I won’t pretend to know the ins and outs of this. In a nutshell, they’ve been trending away from secularism and towards Islamism for years, especially since Erdogan’s party came to power. It came to a head in April when Abdullah Gul, Erdogan’s right-hand man and a devout Muslim, was nominated for president, prompting giant protests and a walkout by secularist MPs which denied Gul the two-thirds quorum and vote he needed in parliament to be elected. Hence the importance of today’s elections: would the ruling party, AKP, get the 367 of the 550 available seats it needed to install this fundie as guardian of Turkey’s secular state?
Results: probably.

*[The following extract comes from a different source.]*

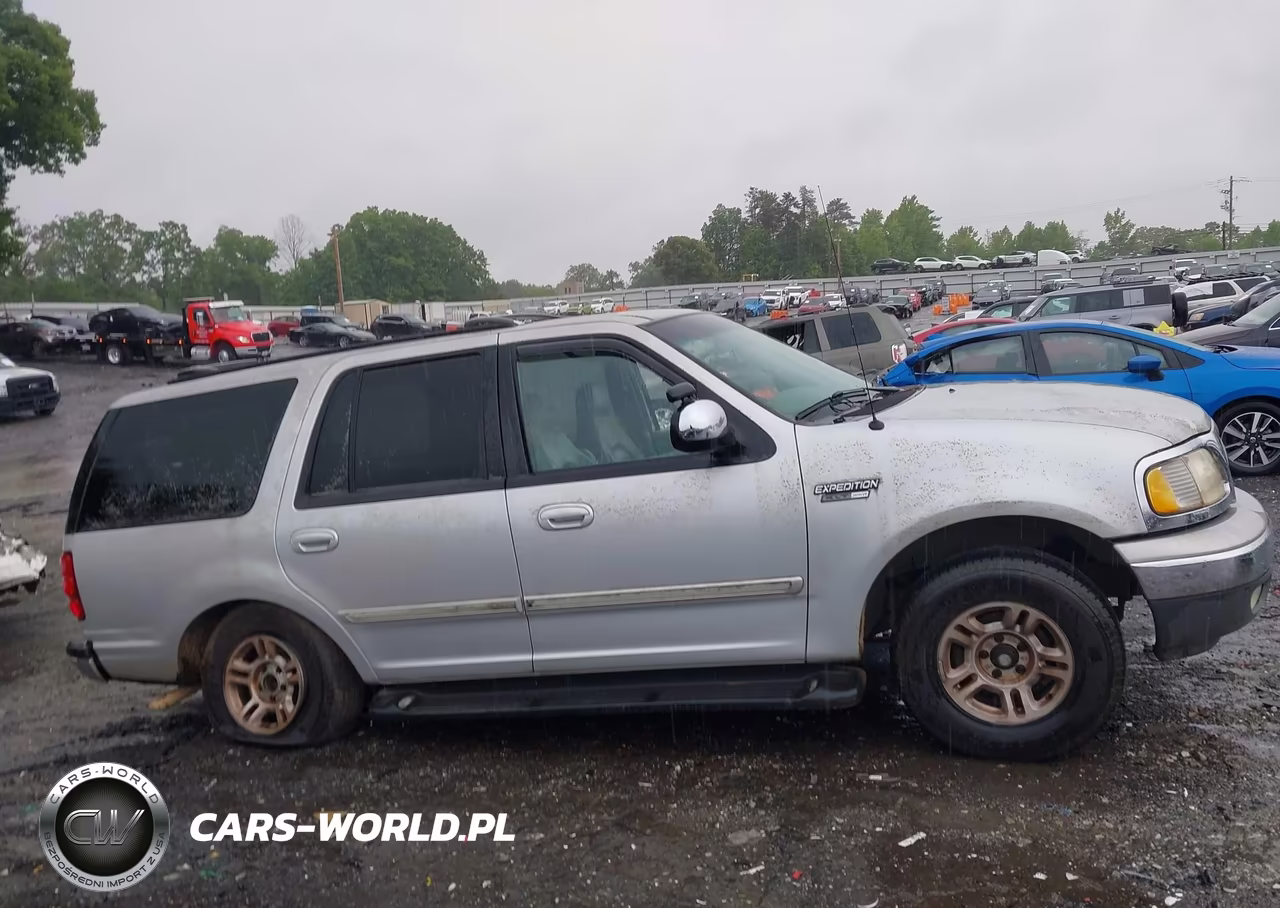 1999 Ford Expedition Eddie Bauer-Xlt VIN:1FMRU1762XLA69854 - 13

AKP actually ended up losing seats, picking up 332 this time compared to the 363 they started with, but their share of the vote increased from 34.3% in 2002 to somewhere between 45% and 48% today. (The quirk by which they lost seats is due, per Barry Rubin, to the fact that additional parties qualified for this election.) They need only 35 more MPs to push Gul through with the requisite two-thirds; given the fact that their support just increased by double digits, they should be able to pressure one of the minority parties into joining them. That’ll leave Gul’s fate in the hands of the Turkish military, which is charged constitutionally with protecting secularism. Will they stage a coup or back down in the face of a popular mandate?
The leader of the nationalist party, which took 85 seats, has already hinted that he’ll support Erdogan’s choice for president. Protests notwithstanding, Erdogan says he still favors Gul.
Update: They’re creeping up on 50%.
With 57 percent of the national vote counted, Mr. Erdogan’s Justice and Development party had taken more than 48 percent of the vote, far higher than the 18 percent garnered by the secular opposition Republican People’s Party and the 14 percent taken by the Nationalist Action Party.
The results, broadcast on Turkish television at 8 p.m. local time, represent a slap to the state establishment, whose secular and nationalist parties were predicting that voters would punish Mr. Erdogan’s party for trying to push what they said was an Islamic agenda.